Lauren Alaina cut back on fuel costs and her carbon footprint with a Volta-equipped All Access Coach.
Country music artist Lauren Alaina has been touring regularly for over 11 years since her debut on American Idol in 2011. In addition to the work of writing and performance, Lauren also takes an active role in managing the business and finances of the tour. One challenge she tackled in 2022 is how to reduce the environmental impact of her tours while also mitigating the rising costs of just about everything.
Green Touring Grows, But Emissions Continue
Touring takes a lot of fuel and energy, and while green touring has been a growing trend for years, even environmentally-conscious performers are still getting bad press for emissions from buses and private jets. What’s more, artists like Lauren have been impacted by rising fuel costs, which are substantial for coaches that drive or idle all day when on tour. In early 2022, Lauren’s driver introduced her to a hybridized All Access Coach tour bus equipped with a Volta Power System.
“My driver called me and said, ‘I’m telling you, you’ve got to get on this bus, and you’re going to save so much money. It’s going to be so much better for the environment,’” Lauren said, sitting comfortably in the bus on a 90-degree day before a show at Faster Horses in Brooklyn, MI. “Today’s a perfect example. We’re sitting all day long, and normally we would just be burning fuel into the air. None of us want that! The world does not need that.”
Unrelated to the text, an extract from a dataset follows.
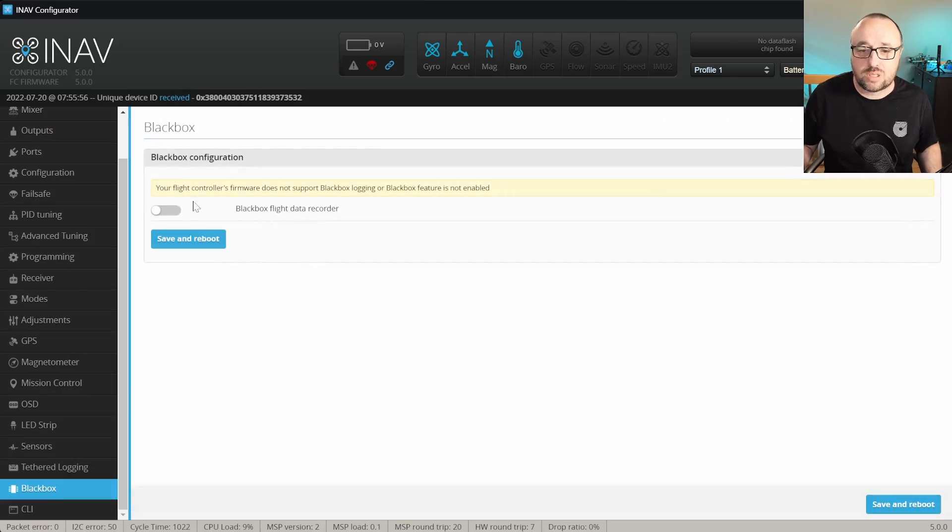Step 1 is to go into the black box tab and ensure that the black box flight data recorder is enabled.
Lauren Alaina leased the X3-45 VIP from All Access Coach, a Prevost coach customizer and leasing business in Gallatin, TN, just north of Nashville. Co-owners Jim Borelli and Eric Blankenship head up their fleet of nearly 40 coaches.
Hybridizing to Save Money & Reduce Emissions
“The sales pitch is, ‘We can save you money and help the environment at the same time for a coach with a Volta system on it,’” said Eric Blankenship, co-owner of All Access Coach.
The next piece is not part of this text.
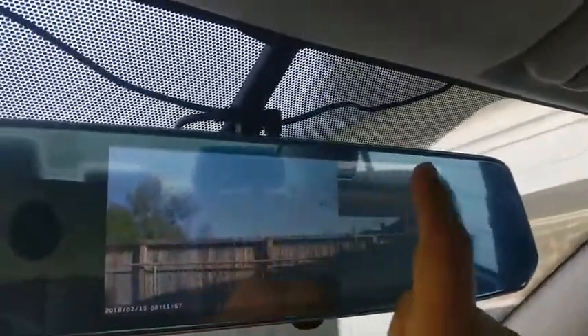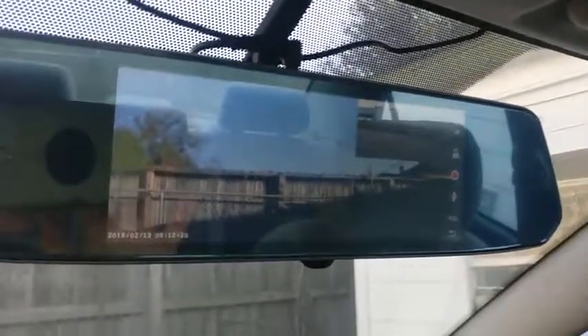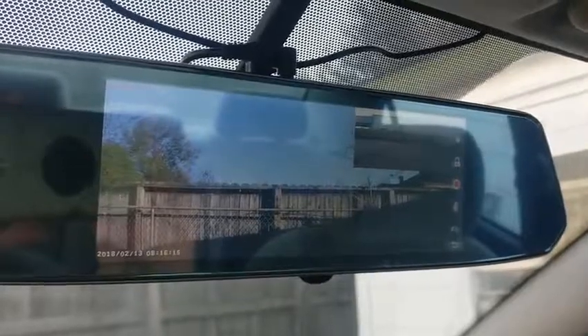So you can see the front and the back camera. You can switch between views like this. This is auto recording — I prefer this more. Now let me show the rear camera view with the guidelines.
All Access Coach partnered with Volta Power Systems, a supplier of automotive-grade li-ion battery systems, to reduce and often eliminate the need for idling on its coaches.
“As the bus is driving down the road, it’s charging the Volta system. They get to the venue and have all the power they need to run everything — air conditioning, water, TV, lights — for eight to 10 hours without needing to recharge.”
Volta’s systems are scalable and integrate directly into existing chassis. Each has three main components: generation, energy storage, and power distribution. An 11,000W secondary alternator under the hood takes otherwise-wasted energy from the engine and sends it into a lithium-ion battery pack whenever the vehicle is driving. When needed, the user turns the system on with one button push and power is automatically distributed to appliances in the coach.
“We love it, especially when we are playing cornhole by the bus. It’s quiet; you can’t even tell it’s fired up. That’s pretty awesome,” Lauren said.
Many large cities, like New York City, have cracked down on emissions with aggressive anti-idling laws. NYC limits the idle time to 3 minutes. When an artist like Lauren pulls up to a venue like Madison Square Garden, she can’t idle her tour bus or run a generator to run onboard A/C regardless of temperature or access to shore power.
“We were still able to have our guests on because we were battery-operate,” said Lauren, recounting a Spring tour stop in NYC. “In my career, I think it was the first time I’ve ever been able to do that.”
Financial & Emissions Outcomes
When she’s actively on tour, Lauren estimates the system saves her hundreds of dollars on fuel costs weekly. When they used to arrive at venues without shore power, they were forced to idle the bus for hours on end, burning fuel constantly to run bus A/C, refrigerators, charge phones or laptops, and more. The All Access Coach has eliminated those excess fuel costs, but the savings don’t stop there.
“Beyond fuel consumption savings, the service savings add up,” Eric said. “We’ve seen the Volta system cut anywhere from 15 to 18 hours of engine running every single day. So while generators previously needed servicing about twice per month, which costs a couple hundred dollars each time, now it’s about half as much.”
Based on 12 hours of idling per day, conservative estimates show Lauren’s tour saves about $1,500 in fuel and generator maintenance costs every month while preventing about 2.5 tons of carbon dioxide emissions from entering the atmosphere.
Eric and the All Access Coach team see Volta-powered coaches as the future of sustainable touring. While eight coaches in their current 49-vehicle-fleet are currently equipped with Volta systems, all their new coaches are being built with Volta systems on them.
“More than ever in my career, this is the right bus,” said Lauren. “I am so proud to own a bus with a Volta Power System because it’s saving me money, it’s keeping the environment clean and green, and it’s quiet.”